As we've been telling you, the village may be in the hole about $100,000 this year, but the focus of Wednesday night's meeting was about next year.

It's one of those deals where you can't dwell on the past; you have to move forward.

People in the village say, unfortunately, it's hard to sit in on a meeting about next's years budget, beginning October first, when this year's financial crisis has everyone on edge.

In the village center Wednesday, people were dealing with this stressful situation in different ways. Some were hitting the volleyball amongst friends and others were hoping to hearing every last detail in the village meeting.

Les Wycoff says, "Normally that place is packed. The last few weeks and the last few months you can get standing room only in there."

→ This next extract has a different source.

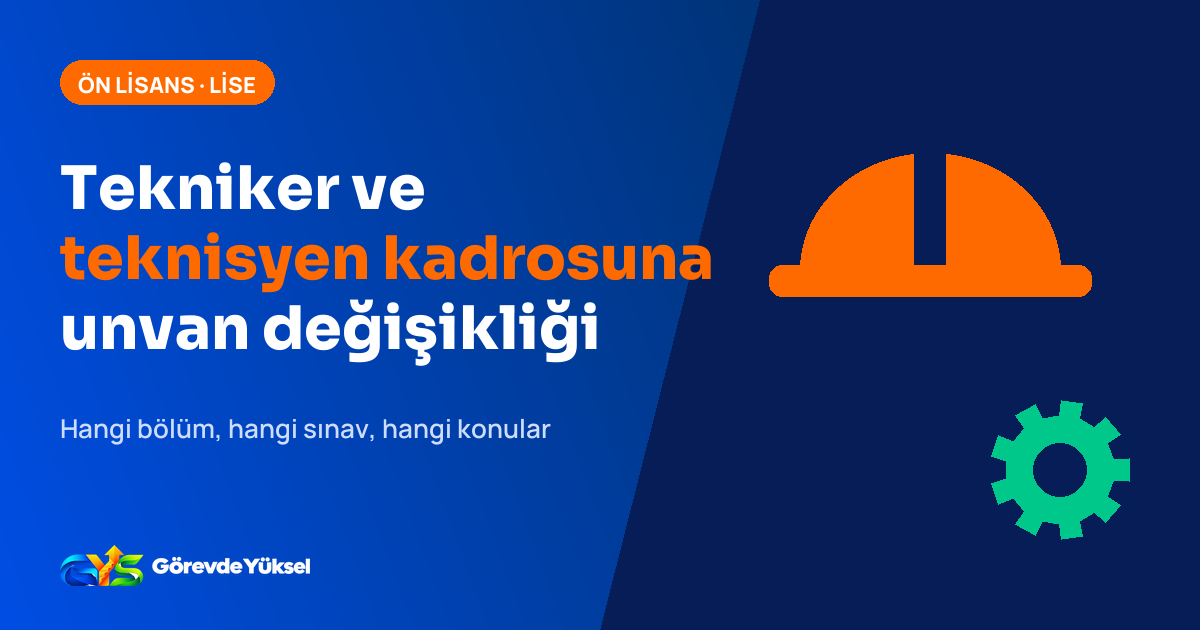 Tekniker ve teknisyen kadrosuna unvan değişikliği yazılı kapak görseli: baret ve dişli ikonu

That's because the village is in waiting mode. The people know one of three things will happen soon -- the state will decide if the village is financially reparable, in crisis mode, or a financial emergency.

If it's an emergency, the state will take over completely.

Dave Grosse says, "I'd hate to have the state take over this town. I want the people of Three Oaks to decide how this town is going to be run."

Grosse has lived there for 50 years. He can't believe a place that advertises a world record for raising the most money per capita in the late 1800's is now on the verge of begging for money.

Grosse says that, week after week, he witnesses chaos, not confidence.

He says, "They haven't had a reliable set of books to look at."

While they look ahead to next year without a budget, they're still figuring out how to fix this year's deficit.

In a small place like this, there's no doubt doing business like this can be bothersome, especially when getting rid of village employees is a possibility.

Wycoff says, "I know all the people, all the families and they're in a rough situation right now working day to day wondering if they're going to get a pay check next week. Everyone needs to get through this and straighten it out and work together as a team."

The team goal is obvious: to have the state help the village through this tough time, but not completely take over.

We're told the State Treasurer is expected to get information to Governor Granholm by the end of the month. The village doesn't know when a final decision will be made.